--- Your task ---
How do the lines read from the one holding "SATIN EFFECT BLAZER WITH BACK VENTS" through the last line of the listing? Set them down exactly, pictures omitted.

--- Supplied data ---
+---+

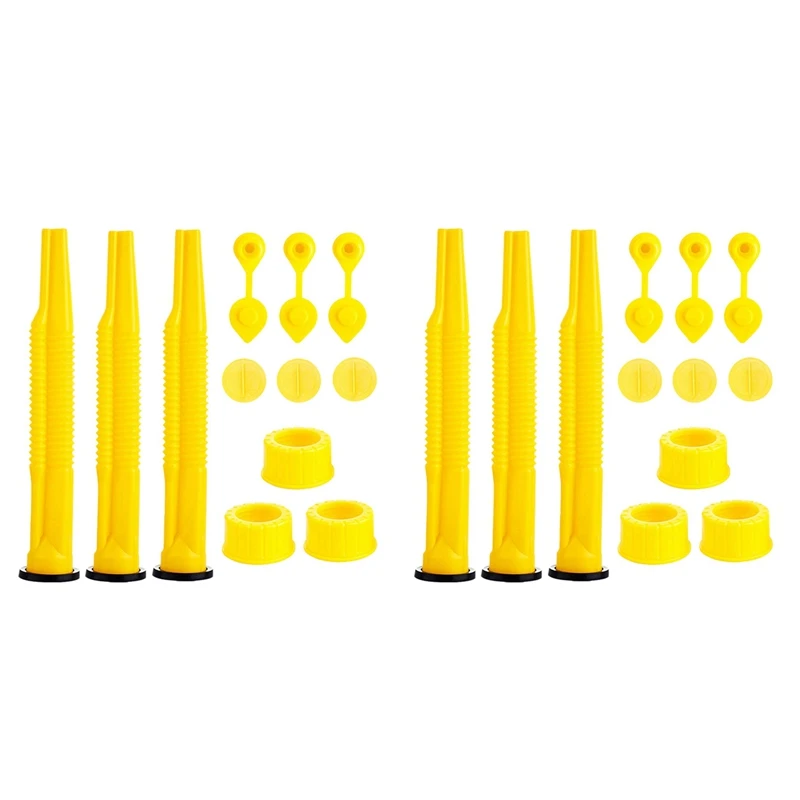 

Universal Gas Can Spout Replacement, 6 Pack Flexible Pour Nozzles Gasket Kit With Collar Caps And Stopper, Spout Cover
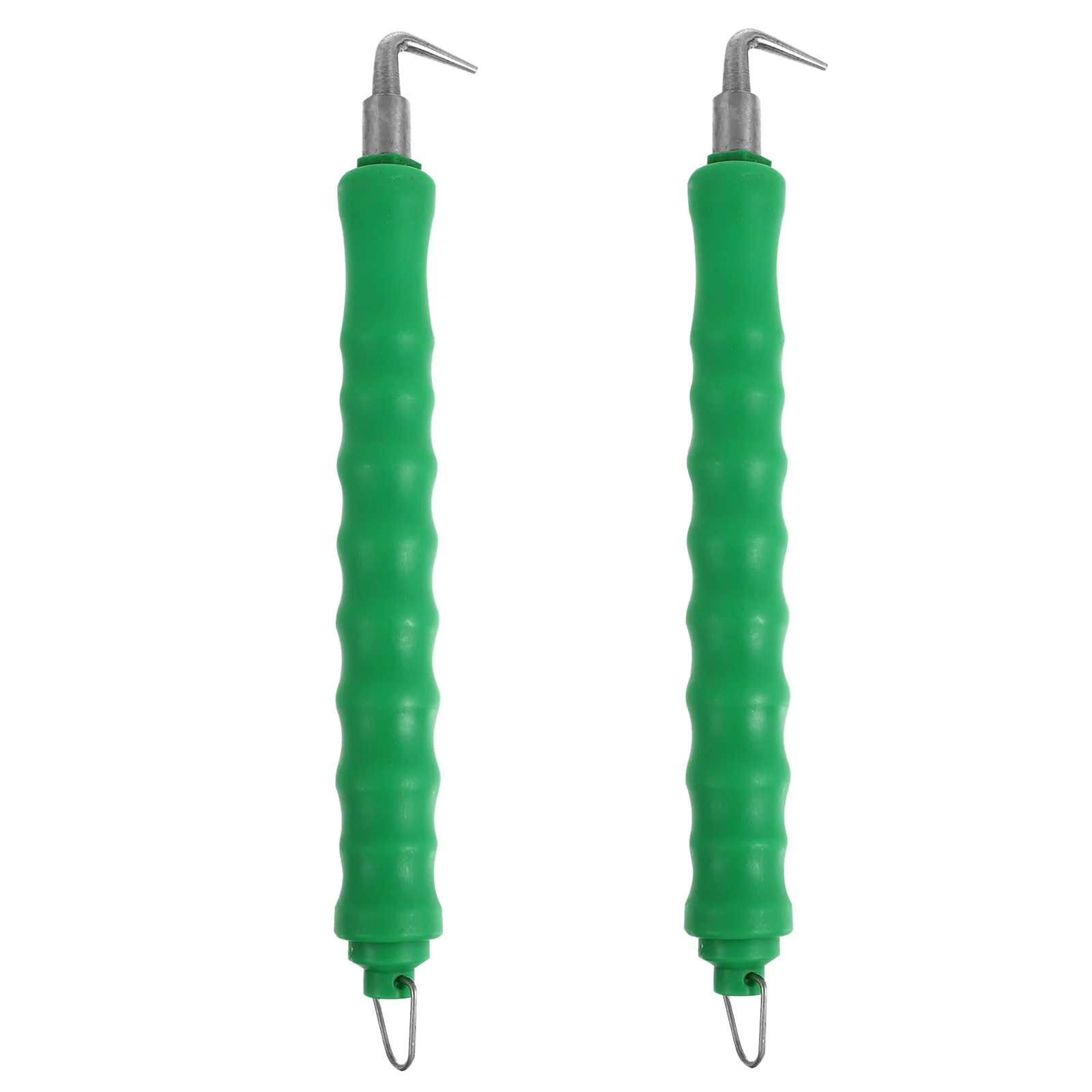 2Pcs Semi-automatic Wire Heavy Duty Rebar Ties Tool Pull Tie Wire Rubber Grip Handle Reduce Fatigue (Green)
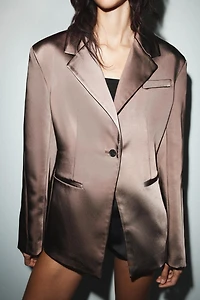 SATIN EFFECT BLAZER WITH BACK VENTS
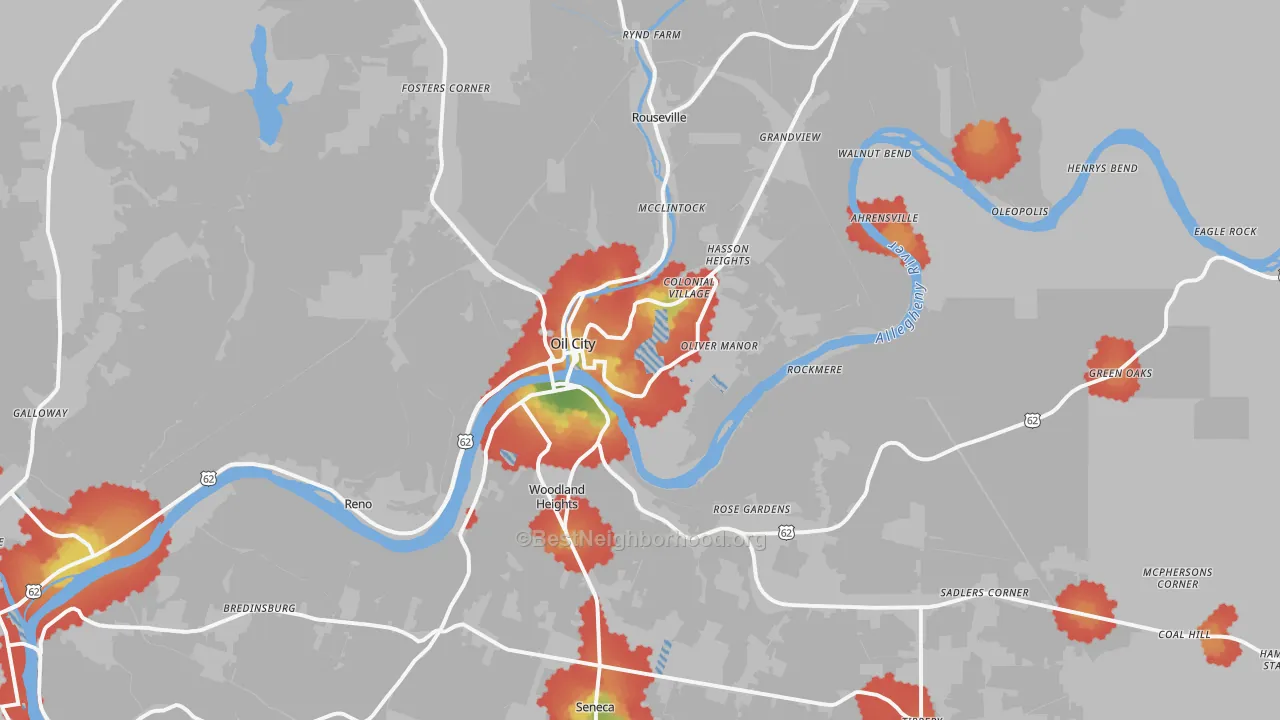 Walk Grade map of 16301, PA, walkable areas in green and car-dependent areas in red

+---+

--- Result for this exercise ---
 SATIN EFFECT BLAZER WITH BACK VENTS
 Walk Grade map of 16301, PA, walkable areas in green and car-dependent areas in red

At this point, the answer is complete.